I found a cafe for breakfast frequented by the local fishermen, and started a house chat about the Yorkshire coast and conditions. Their knowledge was better than anything in the pilot books or almanacs. Some talked of 20-foot waves over shifting sandbanks, later understood through binoculars in the yacht club bar from where thunderous breakers could be seen on a ridge a mile out into the bay. Elektra was tied up near a motor launch which had 260 horsepower on the back compared with her 5. The pontoon was a bit of a duck roost and since Elektra was smelly with fish mess from a night against a raft of fishing boats, I hosed them both down. Two little girls belonging to the launch had been playing there earlier but it had gone fishing on the bright, windy day. It soon returned, and the girls reported excitedly that the waves were so high they bumped their heads on the 7-foot roof. It was clear that I was going nowhere. Time for some maintenance.

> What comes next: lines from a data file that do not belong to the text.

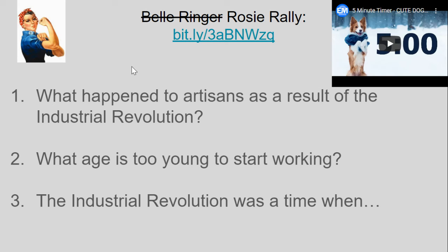What happened to artisans as a result of the Industrial Revolution? What age is too young to start working? The Industrial Revolution was a time when — ? Take about five minutes to work on that, and I'll touch back with you in the next part of the lesson.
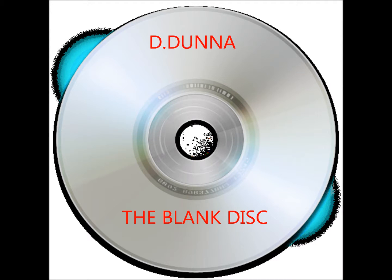Y'all already know what it is, it's your boy D-Dunner, Blow Music ENT, this is The Blank Disc,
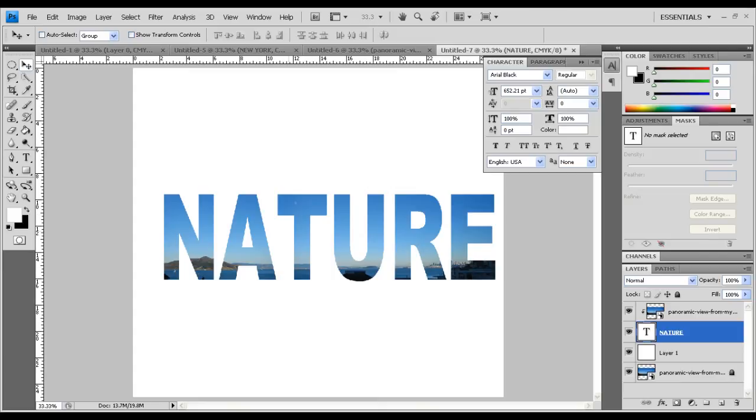For more Photoshop-based tutorials, be subscribed, and thank you for watching.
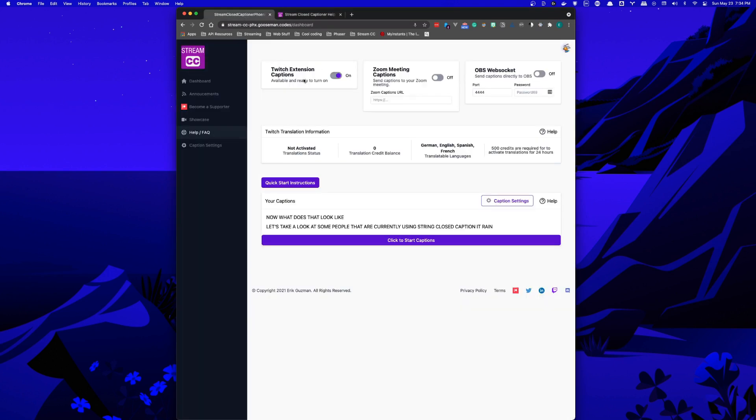Thank you for considering Stream Closed Captioner as your solution to make your stream or Zoom meeting more accessible to everyone.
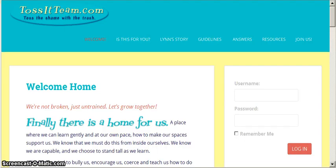Hi, this is Lynn H. from TossItTeam.com. I'd like to give you a small review of how to get started on the site.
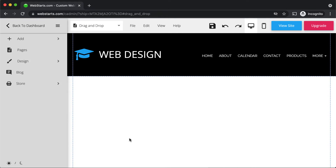By now you probably know that Web Starts is a drag-and-drop website builder. In this short video I'm going to share what exactly it means to be drag-and-drop, how that works compared to other ways of creating a website, what are some of the idiosyncrasies you're likely to run into, and how to solve those issues if they come about.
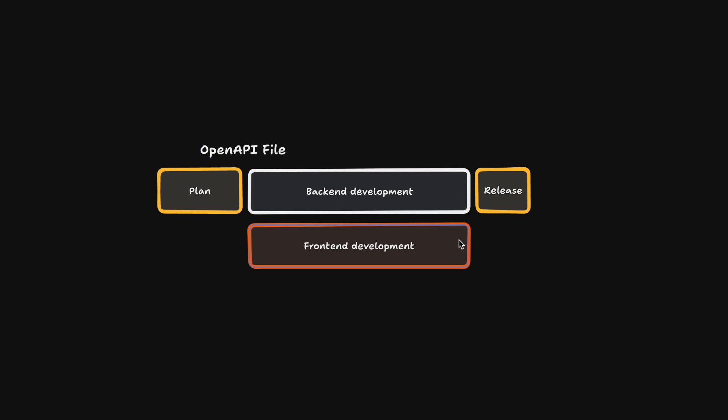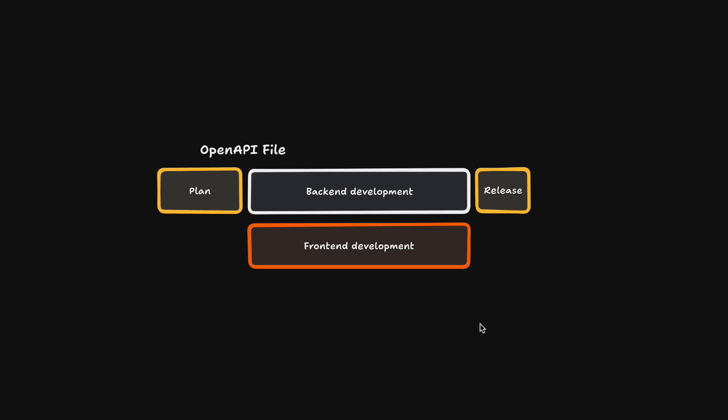After both engineers are done with their work, the project can be released immediately. There should also not be a big integration step here since all the changes we apply to our API should be fully defined in the OpenAPI contract.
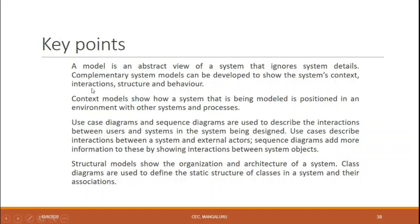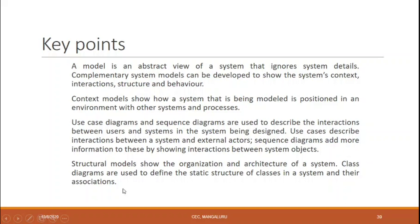To summarize what we have seen across all three video sessions: a model is an abstract view of a system that ignores system details; complementary system models show system context, interaction, structure, and behavior. The context model shows how the system being modeled is positioned in an environment with other systems. Use case diagrams and sequence diagrams describe interaction between users and the system. The structural model shows how the organization and architecture of the system are designed, and class diagrams are used to define the structural relationships of classes in a system.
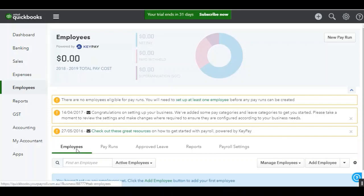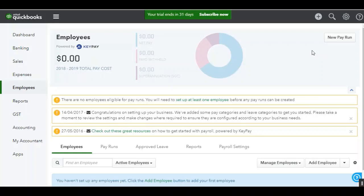You've also got five tabs across the bottom. The Employees tab, where you'll find a list of all the pay runs that have been processed in the business. The Approved Leave tab will show you a monthly view of all the approved leave for all the employees in the business. We've also got a Reports tab which will give you a full suite of all the reports available in KeePay. And then you've got your Payroll Settings tab, where you can configure all the settings that are specific to your particular business. Then up in the top right hand corner is where you would go to process a new payroll.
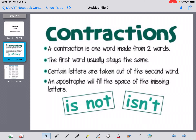A contraction is made from two words, and the general pattern that contractions follow is that we keep the first word the same. So we're going to take the words 'is not' and make them into a contraction. Generally, the first word stays the same, then certain letters are taken out of the second word. In this case, the O is going to be taken out to make 'is not' into a contraction. It doesn't really follow any sort of rule, so it's something you just have to get used to doing and hearing.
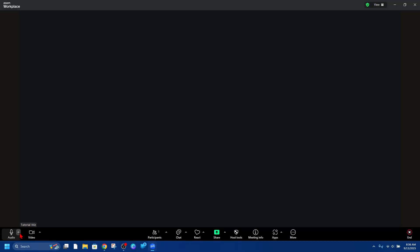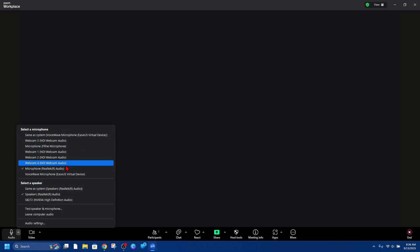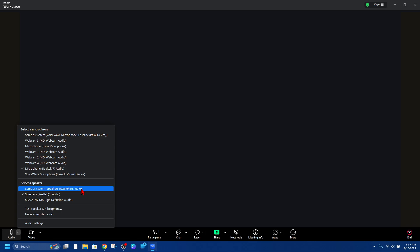Now from here, you want to go back to Zoom and click on the audio. It will say select the microphone. You can use your headphones for this and select the speaker and choose your headphones for this as well. Once you've done that, you'll be able to use your headphones in your Zoom meeting.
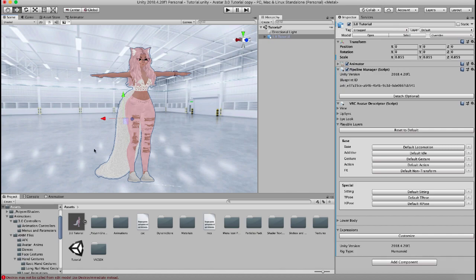Now the VRChat documentation warns against doing too big of animations on your additive layer because it may look funny when you're doing your regular walking and crawling and running and jumping motions because it's going to try and render both animations at the same time.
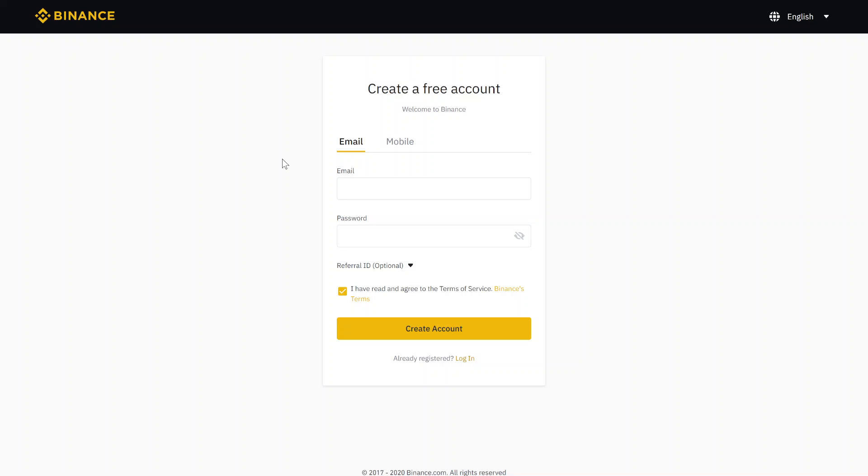Therefore, you just register on this page. I put a link in the video description. If you click there, you will come to this page and can start the registration process.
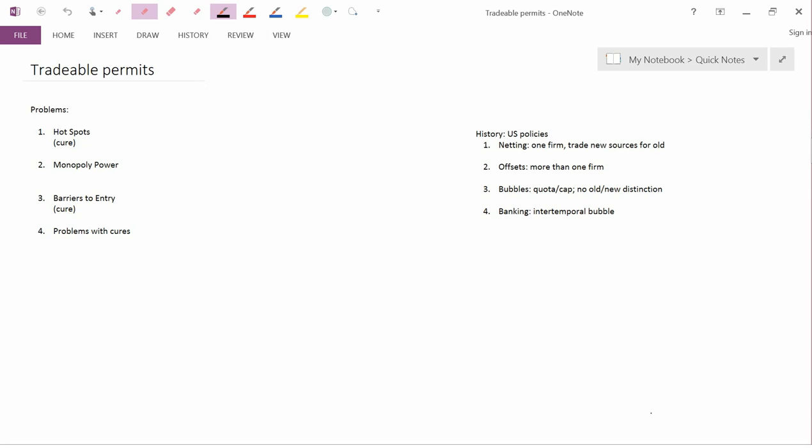We've seen the advantages that tradable permits have in terms of efficiency. So the next topic is what kind of problems might tradable permits entail. And the first problem we're going to talk about is called hotspots.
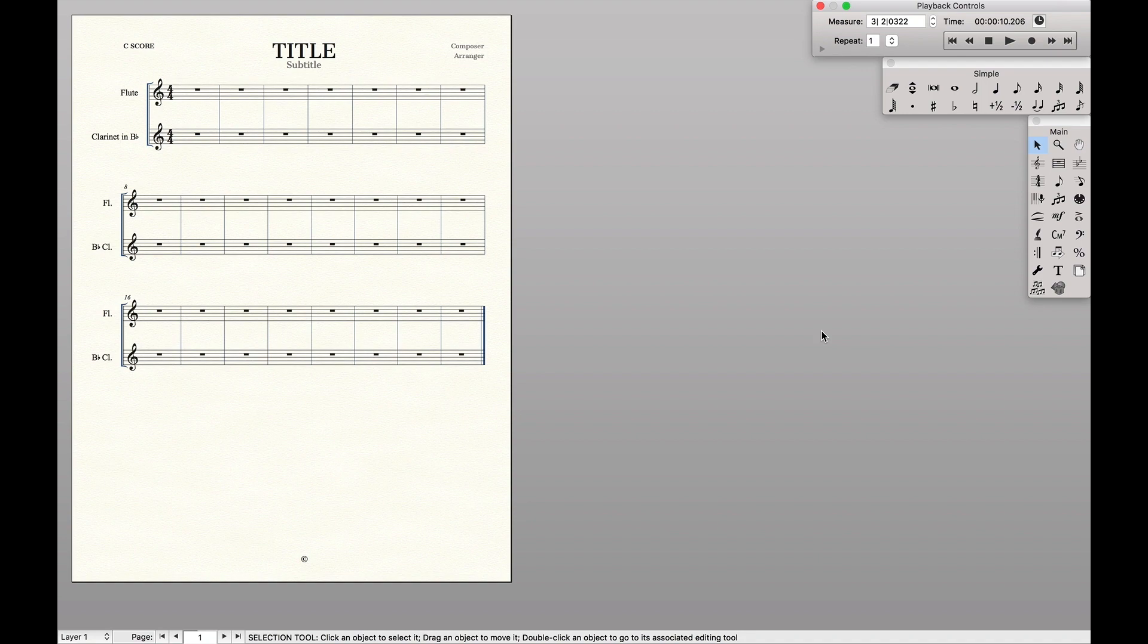Now this is especially useful if you have a very large score, such as an orchestra score, where you'll often want to put both flutes on the exact same staff.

‘Brid’, as the port is known, has a well-stocked chandlery run by women who know more of their products than the staff of any other I have visited. They advised me about repairs and even lent me a drill. I cracked the through-deck/bulkhead screw-sealed wiring joints and found every one corroded, and some of the wire beneath the insulation. The outboard trickle-charges the ‘deep cycle’ battery (similar to a car starter battery but can be fully discharged without dying), and that circuit was also corroded. The effect was a voltage reduction across the autopilot rams below their operating limit, but low-power electronic instruments were unaffected. I re-wired both circuits, and would keep a diagnostic eye on the voltage after that. I also had to resolve the problem of the outboard swivelling off line in heavy seas, and after a near miss in Brighton, I hesitated to lash the outboard in place as suggested: in any case I helmed with it for berthing. With a coat hanger I rigged a quick-release system that prevented it swivelling very effectively–I was determined not to be caught out again.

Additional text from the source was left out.